The 2015 dilemma

The government announced yesterday that local government funding will be reduced by 2.9 percent next year. That might not look much but, coming after four years of spending cuts, even 2.9 percent can be hard to find. It’s probably not enough to make any council collapse, though. At least, not yet. Most of the dire warnings from local government leaders are about what will happen after 2015.

Though this settlement will take us up to the next election, it’s not the end of the story. The chancellor has shunted a lot of his planned spending cuts into the next parliament. Whatever else you might think about George Osborne, he’s not stupid. The last thing you want in the run up to an election is the failure of a high-profile council. No, the time for major service collapse is just after an election when you’ve got five years left to do something about it or, at least, to spin the story so that someone else gets the blame. So it’s after 2015 that the next round of cuts will really kick in.

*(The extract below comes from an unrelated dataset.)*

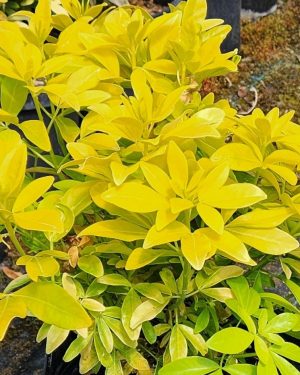 Choisya Ternata 'Sundance'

Few people believe that the chancellor’s public service cuts are achievable without the disappearance of many public services. If you cut public service spending to 16 percent of GDP, and health, education, elderly care and defence take up around 13 percent, everything else is pretty much stuffed. (See previous post for more on this.)

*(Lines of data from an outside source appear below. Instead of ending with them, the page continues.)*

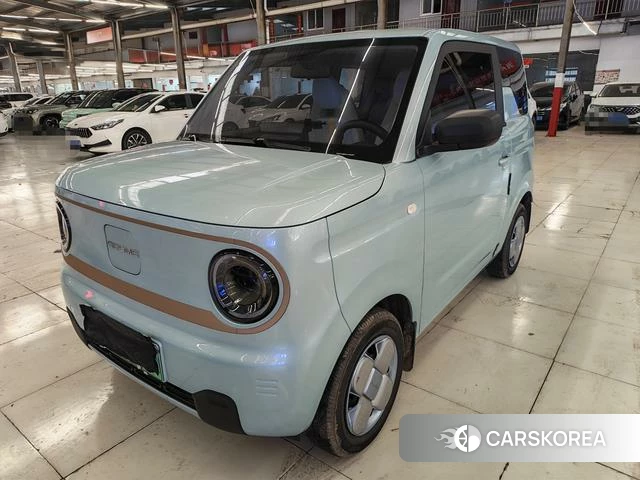 Geely Galaxy panda 2025 Другой из Китая, фото 6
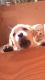 Labrador Retriever Puppies for sale in Kelseyville, CA 95451, USA. price: NA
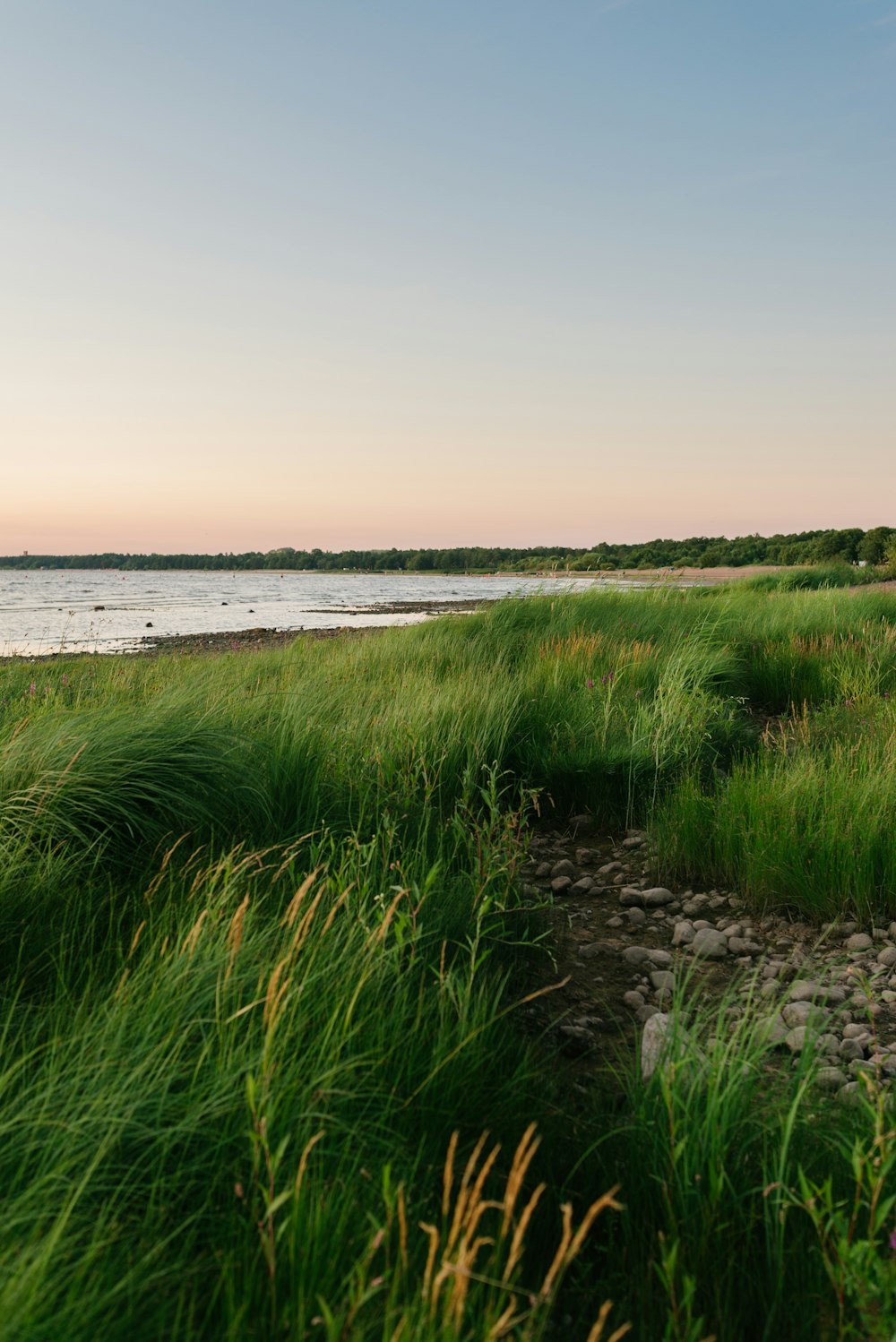 green grass near body of water during daytime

The IFS doesn’t believe it’s do-able and, reading between the lines, neither does the OBR.

Whoever wins the next election will face a dilemma. By 2015, the strategies for coping with spending cuts will have reached their limits. You can only do so much with efficiency savings and local authority reserves will be exhausted by 2018. There will be a lot of bluster about hitting scroungers and reducing the welfare budget but none of the measures announced will actually save very much.

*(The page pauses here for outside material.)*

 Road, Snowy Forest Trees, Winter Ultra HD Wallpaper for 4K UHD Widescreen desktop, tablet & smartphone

There’s an old saying used when pricing jobs. ‘You can have it good, fast or cheap. Pick two.’ A similar dilemma faces the next government. Maintaining public services at their already diminished 2015 level, avoiding major tax hikes and reducing the deficit are incompatible aims. Something will have to give. The IFS calculates that to avoid any further spending cuts after 2015 will require a tax increase of £25 billion. Reducing public service spending to 16 percent of GDP, which is the implication of government’s current stated plans, will lead to the complete collapse of some public services. Extending the deficit reduction timetable will be mean higher public debt and more money going on debt repayments.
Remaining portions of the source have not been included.